Friday, 18 July 2014

Gate safety campaigners welcome HSE safety advice following gate accident

As Gate Safety Week approaches, the Health & Safety Executive (HSE) has renewed its call for suppliers and installers of powered gates to follow vital safety guidance.

The HSE made the comment after a company pleaded guilty to breaching safety regulations at a court case in Dudley. The court heard how an eight-year-old boy was injured when his head became trapped by an entrance gate at a primary school.

HSE inspector Sarah Palfreyman said: 
“People getting trapped is a well-known risk in the industry and HSE has produced safety notes on the subject due to a number of fatalities involving children in recent years. I would encourage all suppliers and installers of electric gates to read the notes.”

Gate Safety Week (October 13 - 19 has been organised by the UK powered gate industry to raise awareness of the dangers posed by automated gates that do not meet current safety legislation.

The Door & Hardware Federation Powered Gate Group and a number of influential organisations in the safety, enforcement, inspection, education and security sectors are behind Gate Safety Week. In the weeks running up to the event, DHF Powered Gate Group members and supporters will be campaigning hard to alert the public of the risks associated with unsafe automated gates and giving vital guidance on safe installation.

Said DHF Powered Gate Group chairman Neil Sampson: 
“Gate Safety Week is all about making as many people as possible aware of the dangers posed by a poorly installed or maintained powered gate. As an industry we are determined to minimise the risk of further tragic accidents happening.

“More than two thirds of all automated gates installed in the UK do not comply with current legislation and could pose a serious safety risk.
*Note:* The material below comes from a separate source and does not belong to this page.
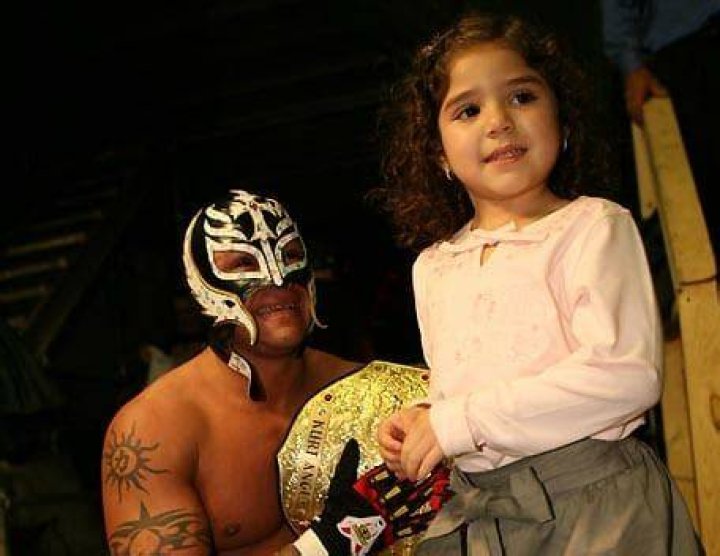 Is Aalyah Gutierrez Married? Her Bio, Age, Boyfriend and Brother (Rey Mysterio Daughter)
Equally worrying is the fact that unsafe installations are still being carried out by unqualified installers and gate companies who are quite willing to take dangerous short cuts in installation.

“So our message in the run up to Gate Safety Week is clear - have existing powered gates checked to ensure they conform with current safety legislation, and insist that new gates are installed and maintained by qualified and trained installers and engineers.”

Visit to find out more about gate safety and how to pledge support for the campaign.

Background information on the court case and some key facts on Gate Safety Week and powered gate safety can be found below:

About the court case:

On July 10, Dudley Magistrates’ Court heard how an eight-year-old boy was injured when his head became trapped between the edge of a closing gate and the gate post at Pedmore Primary School.

An investigation by the Health and Safety Executive (HSE) after the accident, which happened in September 2012, found the entrance gate had been automated by Access Control Solutions (UK) Ltd but the company had failed to fit suitable guarding.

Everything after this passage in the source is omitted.